更年期障害の症状は、大きく「自律神経症状」「精神的症状」「身体的症状」の3種類に分けられます。
- 自律神経症状
- ホットフラッシュ:突然の熱感や発汗、特に顔や上半身に感じることが多い。
- 冷え性:手足が冷たく感じることが増える。
- 動悸:心拍数が急に上がることがある。
- 不眠:寝つきが悪くなったり、夜中に目が覚めることが増える。
- 疲労感:体がだるく感じることが多くなる。
- 精神的症状
- 気分の変動:イライラや不安感、抑うつ気分が現れることがある。
- 集中力の低下:物事に集中しづらくなることがある。
- 記憶力の低下:短期記憶が悪くなることがある。
- 感情が不安定:些細なことで涙が出たり、感情が高ぶることがある。
- 身体的症状
- 月経不順:月経周期が不規則になったり、出血量が変化することがある。
- 関節痛や筋肉痛:関節や筋肉に痛みを感じることが増える。
- 皮膚の変化:乾燥やかゆみ、しわの増加などがみられることがある。
- 性機能の変化:性欲の低下や、性交時の痛み、膣の乾燥感が生じることがある。
更年期障害の原因
更年期障害の主な要因は、女性ホルモンであるエストロゲンが大きく変動しながら減少していくことです。これに加えて加齢に伴う身体的要因、育った環境や性格に関連する心理的要因、さらには職場や家庭内の人間関係といった社会的要因が複雑に絡み合うことで、この障害が発症すると考えられています。
当院での治療のアプローチ
1.ホルモン補充療法(HRT)
更年期障害の主な要因はエストロゲンの変動と減少にあるため、少量のエストロゲンを補充する治療法のホルモン補充療法(HRT)が実施されます。
HRTは、ほてりやのぼせ、ホットフラッシュ、発汗など、血管の拡張や放熱に関連する症状に特に効果的ですが、他の症状にも有効であることが確認されています。
エストロゲン・黄体ホルモン併用療法
エストロゲン単独での使用は子宮内膜増殖症のリスクを高めるため、子宮がある方には黄体ホルモンを併用する「エストロゲン・黄体ホルモン併用療法」が推奨されます。
エストロゲン単独療法
手術で子宮を摘出した方には黄体ホルモンの併用は不要ですので、単独で使用いたします。
HRTに使用されるホルモン剤には、飲み薬、貼り薬、塗り薬など様々なタイプがあり、投与方法も多岐にわたります。
患者さんと十分に相談しながら、適した治療法を選ぶことが重要です。
副作用について
HRTについては、一時的に乳がんなどの稀な副作用が強調されることがありましたが、最近では更年期にHRTを始めた人々が心臓や血管の病気、骨粗鬆症などの老年期に関連する疾患を予防できるという利点が再評価されています。
2.漢方薬
漢方薬は多彩な生薬の組み合わせで作られ、全体的な心と体のバランスの乱れを回復させる働きを持ちます。
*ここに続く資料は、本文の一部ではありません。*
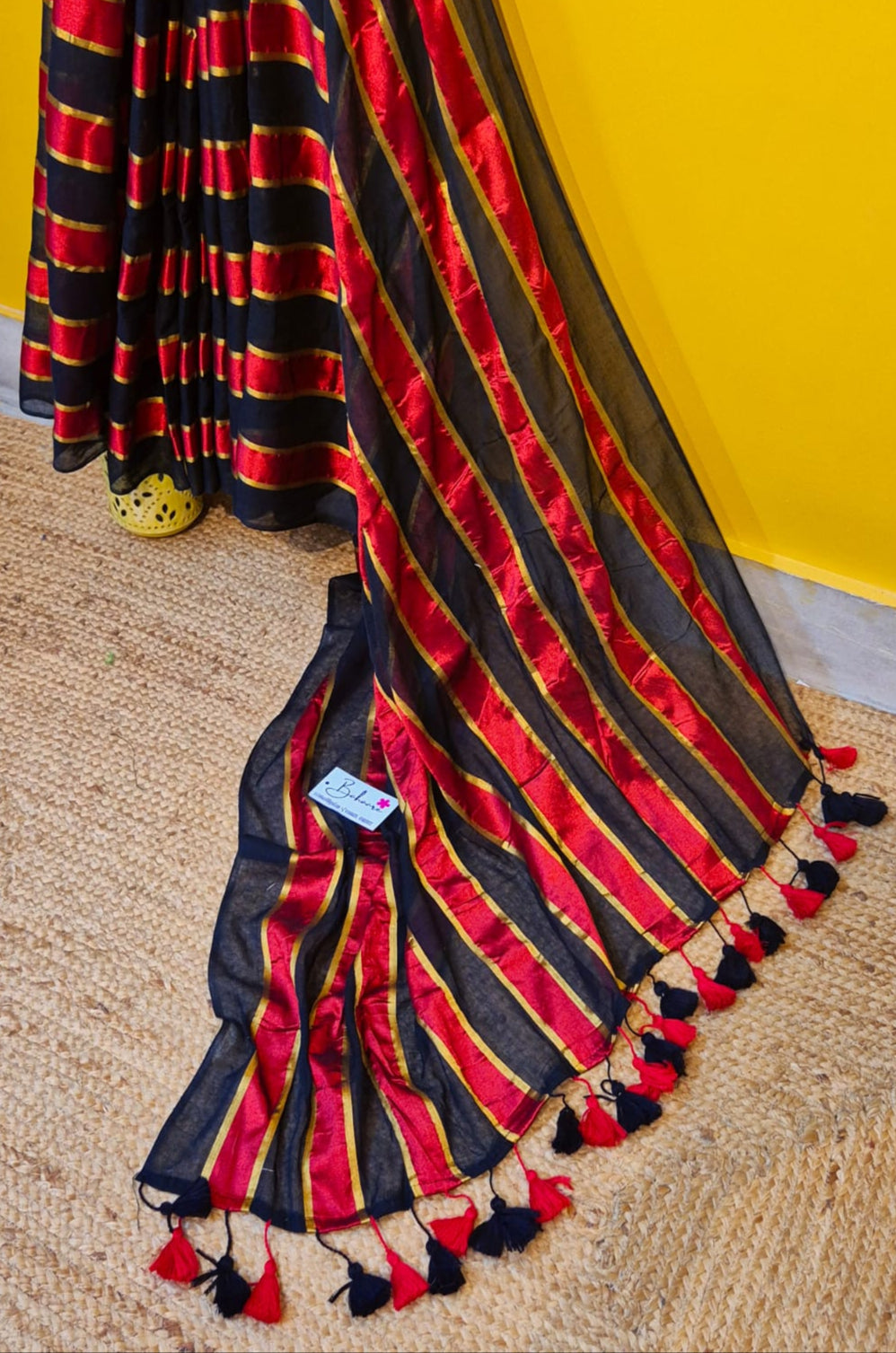 Noor | Party Black and Ruby Red Mul Mul Cotton Saree with Golden Zari Stripe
様々な症状を訴える更年期女性に対しては、「婦人科三大処方」とも呼ばれる「当帰芍薬散」・「加味逍遙散」・「桂枝茯苓丸」を中心に、患者さんの症状に合わせて処方いたします。
- 当帰芍薬散
比較的体力が低下しており、冷え症で貧血傾向がある方 - 加味逍遙散
比較的体質虚弱で疲労しやすく、不安・不眠などの精神症状を訴える方 - 桂枝茯苓丸
体力中等度以上でのぼせ傾向にあり、下腹部に抵抗・圧痛を訴える方
3.向精神薬
更年期の気分の落ち込み・意欲の低下・イライラ・情緒不安定・不眠などの精神症状が最もつらい症状である場合には、抗うつ薬・抗不安薬・催眠鎮静薬などの向精神薬も用いられます。
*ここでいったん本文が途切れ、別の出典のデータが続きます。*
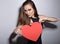 Heartbreaker. Temptress. Seductive woman. Portrait of amazing young fashion woman posing at studio with red heart. Love. Valentine
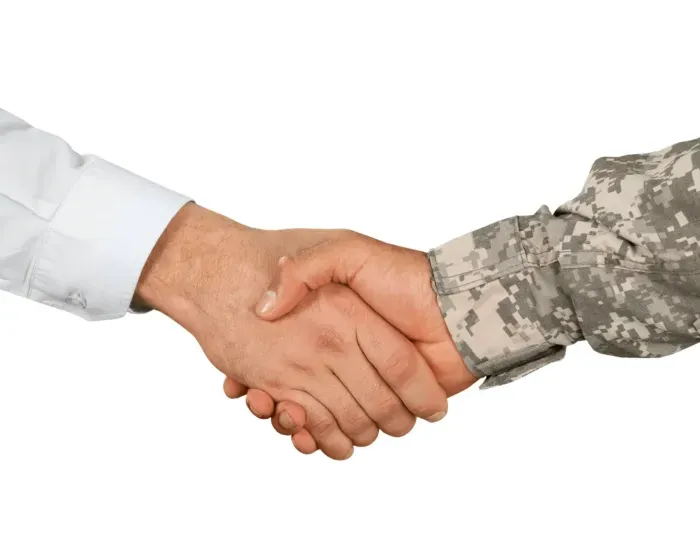 Veteran shaking mortgage lenders hand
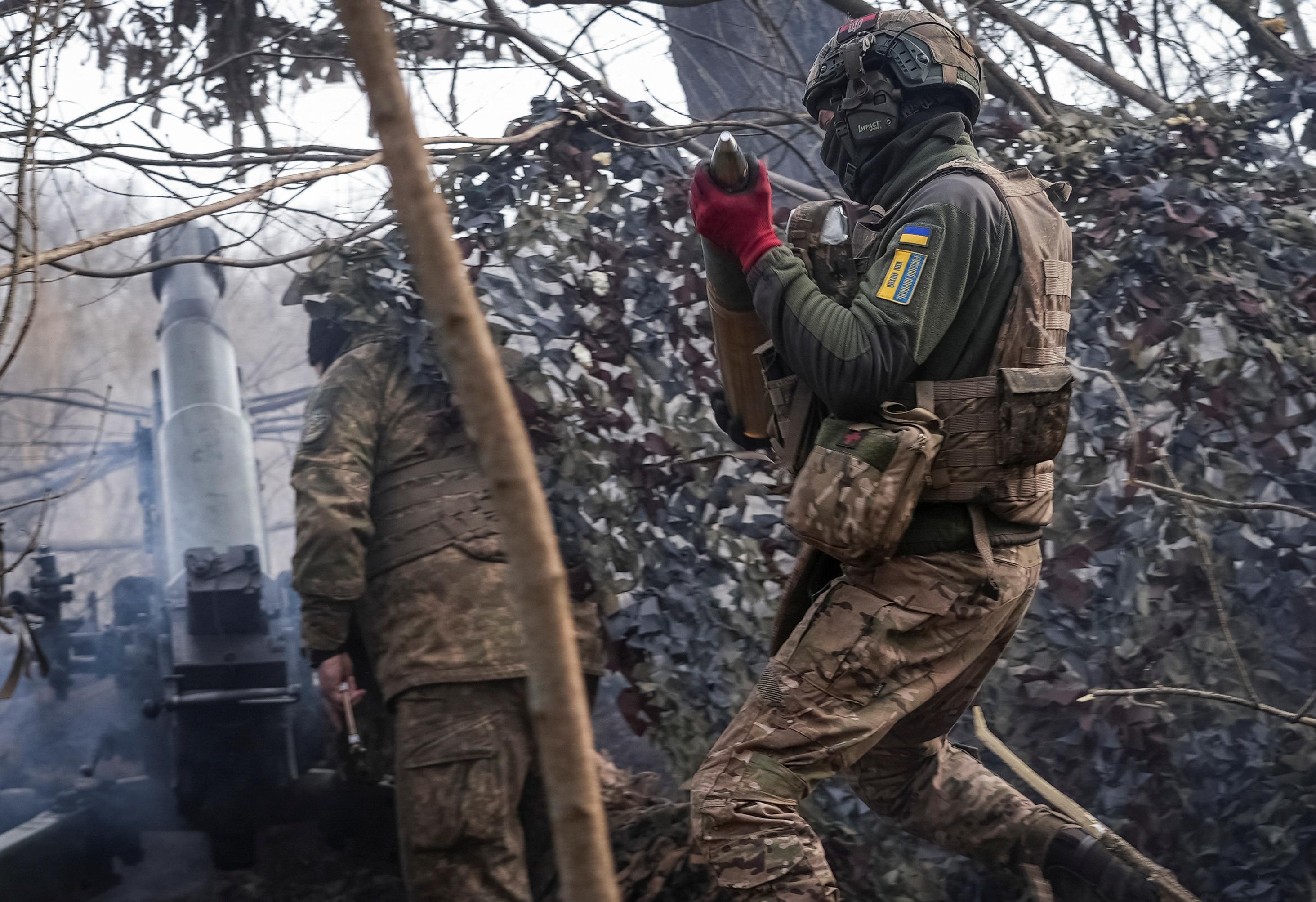 Ein ukrainischer Soldat trägt nahe der Front ein Artilleriegeschoss.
新規抗うつ薬の「選択的セロトニン再取り込み阻害薬(SSRI)」や「セロトニン・ノルアドレナリン再取り込み阻害薬(SNRI)」などは、副作用も少なく、またほてり・発汗など血管の拡張と放熱に関係する症状にも有効であることが知られています。
今の日本は、女性の平均寿命が上がってきており、90歳に近づいてきています。
更年期は人生の折り返し地点です。
この時期に起きる様々な問題をかかりつけ産婦人科医として、その後の人生を明るく幸せに過ごせるようサポートいたします。